The culture-fit versus culture-add debate has intensified over the past few years. Culture-fit has been criticised as a mechanism that perpetuates uniformity and stifles innovation. Culture-add, by contrast, is positioned as the progressive alternative, bringing fresh perspectives and driving change through difference.
But here’s what our work with Queensland business leaders in 2025 is revealing: this isn’t an either-or choice. It’s a false binary.
The Real Question: Fit for What?
The problem isn’t culture-fit. The problem is what organisations are fitting for. If you’re hiring for “likeability” or “sameness”, yes, that’s a problem. But if you’re hiring for values alignment, psychological safety, and shared purpose, that’s the foundation every high-performing team needs.

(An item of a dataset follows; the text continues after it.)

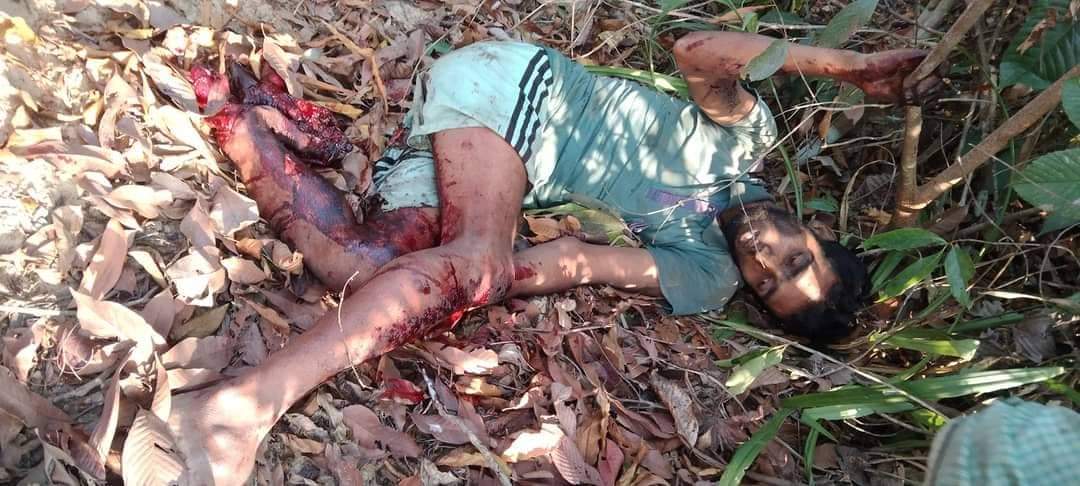 নাইক্ষ্যংছড়ির সীমান্তে মাইন বিস্ফোরণে  উড়ে গেছে যুবকের বাম পা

Culture-Fit in 2025: Values, Not Vibes
Culture-fit today means:
- Shared values, not shared backgrounds. Does this person demonstrate integrity, accountability, and respect? Do they align with how we want to operate, not just how we’ve always operated?
- Adaptability to environment. Can they thrive in our pace, structure, and communication style? This isn’t about conformity, it’s about compatibility.

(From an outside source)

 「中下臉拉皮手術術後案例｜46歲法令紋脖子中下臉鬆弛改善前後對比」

- Commitment to the mission. Are they energised by where we’re going, not just where we’ve been?
Culture-fit is not about preserving the status quo. It’s about ensuring new hires can actually influence the culture rather than clash with it or get absorbed by it.
Culture-Add: The Incomplete Promise
Culture-add sounds compelling: bring in someone different who will challenge thinking and drive innovation. But here’s what we’ve learned from decades of placing leaders into organisations with a culture-fit lense:
Without culture-fit, culture-add fails
We’ve seen it play out in two predictable ways:
- They get rejected. The organisation’s immune system kicks in. They’re labelled “disruptive” or “not a team player.” They leave within 12-18 months, frustrated and disillusioned.

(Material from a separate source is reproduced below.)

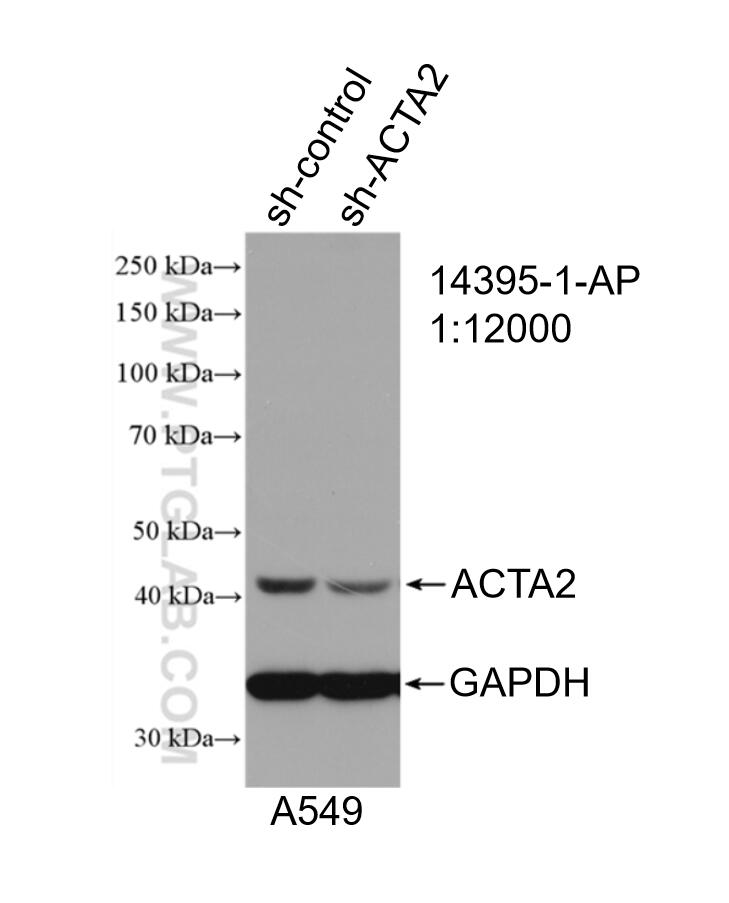 Western Blot (WB) analysis of A549 cells using smooth muscle actin Polyclonal antibody (14395-1-AP)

- They get absorbed. The pressure to conform wins out. Within 18-24 months, they’re operating exactly like everyone else. The very difference you hired them for has been neutralised.
A Recent Example: A client approached us to recruit a supply chain manager, the person who had resigned had done a great job managing data, forecasting, and ensuring the right processes were implemented however the MD felt something was missing. On digging into this it was their inability to build teams, influence people that don’t report directly to them (predominately sales and finance) and create a shared vision. It was a little bit of ‘their way or the highway’ and because of this the business had seen a key member leave. So, while the next person needed to be technically competent they also had to bring more of a consultative demeanour.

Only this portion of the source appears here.